If you’re considering adding a VPN to your web surfing activities, there are two considerations you’ll want to be aware of.

The first potential issue is also the very thing that makes VPNs appealing to some—the ability to spoof your address. That’s great when you need to appear to be in another country to access its services and content, but not so great all of the time. For instance, let’s say you’re based in the US but tunneled into the UK, and you decide to do a little online shopping. Suddenly, all of your pricing will be in pounds instead of dollars.

Also, if you’re signing up for certain services, like Bitcoin, the system will take your IP address as gospel for your location, so you might wind up getting pigeonholed into an area where you don’t really live.
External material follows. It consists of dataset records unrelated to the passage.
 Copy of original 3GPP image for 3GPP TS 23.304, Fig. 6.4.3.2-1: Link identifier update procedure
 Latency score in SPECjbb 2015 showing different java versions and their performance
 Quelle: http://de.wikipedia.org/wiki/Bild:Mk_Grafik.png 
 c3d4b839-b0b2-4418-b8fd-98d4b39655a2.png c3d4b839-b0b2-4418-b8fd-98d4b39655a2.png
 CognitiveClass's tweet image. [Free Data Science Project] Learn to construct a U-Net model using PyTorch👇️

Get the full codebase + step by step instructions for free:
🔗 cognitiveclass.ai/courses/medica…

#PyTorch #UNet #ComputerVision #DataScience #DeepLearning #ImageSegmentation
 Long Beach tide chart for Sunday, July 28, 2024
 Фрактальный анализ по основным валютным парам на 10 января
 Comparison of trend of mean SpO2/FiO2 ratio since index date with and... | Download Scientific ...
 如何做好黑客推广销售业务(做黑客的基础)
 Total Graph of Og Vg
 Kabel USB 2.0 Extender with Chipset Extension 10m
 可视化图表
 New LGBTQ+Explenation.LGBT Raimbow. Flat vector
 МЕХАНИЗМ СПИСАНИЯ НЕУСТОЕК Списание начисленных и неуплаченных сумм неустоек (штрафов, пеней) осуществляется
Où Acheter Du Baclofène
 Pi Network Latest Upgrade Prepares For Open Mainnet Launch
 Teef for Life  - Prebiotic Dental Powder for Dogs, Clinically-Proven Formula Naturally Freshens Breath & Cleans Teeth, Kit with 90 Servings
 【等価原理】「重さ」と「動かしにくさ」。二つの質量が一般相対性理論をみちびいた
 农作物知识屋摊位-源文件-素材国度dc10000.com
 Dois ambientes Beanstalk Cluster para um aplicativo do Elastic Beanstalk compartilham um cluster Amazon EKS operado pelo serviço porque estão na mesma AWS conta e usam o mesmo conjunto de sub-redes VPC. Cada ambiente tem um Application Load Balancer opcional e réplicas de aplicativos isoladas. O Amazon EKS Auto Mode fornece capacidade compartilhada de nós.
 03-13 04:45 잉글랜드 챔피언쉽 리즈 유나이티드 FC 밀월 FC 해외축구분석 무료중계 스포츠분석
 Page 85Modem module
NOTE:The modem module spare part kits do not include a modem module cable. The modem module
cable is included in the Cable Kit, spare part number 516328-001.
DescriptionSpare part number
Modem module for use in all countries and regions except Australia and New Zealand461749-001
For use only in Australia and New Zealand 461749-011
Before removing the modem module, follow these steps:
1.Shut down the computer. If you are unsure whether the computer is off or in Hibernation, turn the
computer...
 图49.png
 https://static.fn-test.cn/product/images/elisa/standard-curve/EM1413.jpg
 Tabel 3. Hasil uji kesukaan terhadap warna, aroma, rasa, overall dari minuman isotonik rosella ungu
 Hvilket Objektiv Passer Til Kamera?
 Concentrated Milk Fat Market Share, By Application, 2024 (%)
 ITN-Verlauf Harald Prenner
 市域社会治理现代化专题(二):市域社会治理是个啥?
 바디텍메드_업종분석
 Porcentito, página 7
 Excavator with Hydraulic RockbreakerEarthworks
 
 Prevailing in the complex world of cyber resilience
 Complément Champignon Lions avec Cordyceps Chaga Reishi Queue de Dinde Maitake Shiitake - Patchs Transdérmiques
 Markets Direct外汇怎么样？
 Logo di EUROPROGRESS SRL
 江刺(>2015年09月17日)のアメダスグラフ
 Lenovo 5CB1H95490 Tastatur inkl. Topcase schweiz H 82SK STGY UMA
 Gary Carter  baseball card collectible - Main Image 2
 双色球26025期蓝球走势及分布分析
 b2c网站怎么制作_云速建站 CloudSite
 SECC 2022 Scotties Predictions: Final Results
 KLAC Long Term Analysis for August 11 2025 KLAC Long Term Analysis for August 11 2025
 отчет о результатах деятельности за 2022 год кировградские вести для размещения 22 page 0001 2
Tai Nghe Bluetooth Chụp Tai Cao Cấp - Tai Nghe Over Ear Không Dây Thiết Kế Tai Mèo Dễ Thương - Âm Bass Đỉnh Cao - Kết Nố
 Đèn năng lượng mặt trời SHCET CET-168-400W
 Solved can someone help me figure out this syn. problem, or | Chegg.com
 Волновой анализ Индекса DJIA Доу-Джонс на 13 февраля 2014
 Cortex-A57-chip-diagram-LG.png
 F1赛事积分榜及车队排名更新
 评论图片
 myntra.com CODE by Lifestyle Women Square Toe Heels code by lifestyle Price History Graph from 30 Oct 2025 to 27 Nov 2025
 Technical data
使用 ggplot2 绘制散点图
Once that happens, making a change isn’t always as easy as changing the tunnel and reloading the site.

Secondly, working from a remote site can cause slow downs in your browsing speed. Sometimes it’s barely noticeable, but sometimes it can be significant—and it goes back to the idea that your information still needs to travel through cables to your VPN before you can get out to the internet.

Still, as the recent Krack attack shows, using a VPN is practically becoming a necessity rather than simply an option. That attack opened up vulnerabilities for pretty much anyone using WiFi without the protection of a VPN tunnel. So, even though there are some issues with using a VPN, the benefits far outweigh them and getting even the minimal protections offered by a free provider is certainly not something you’d regret.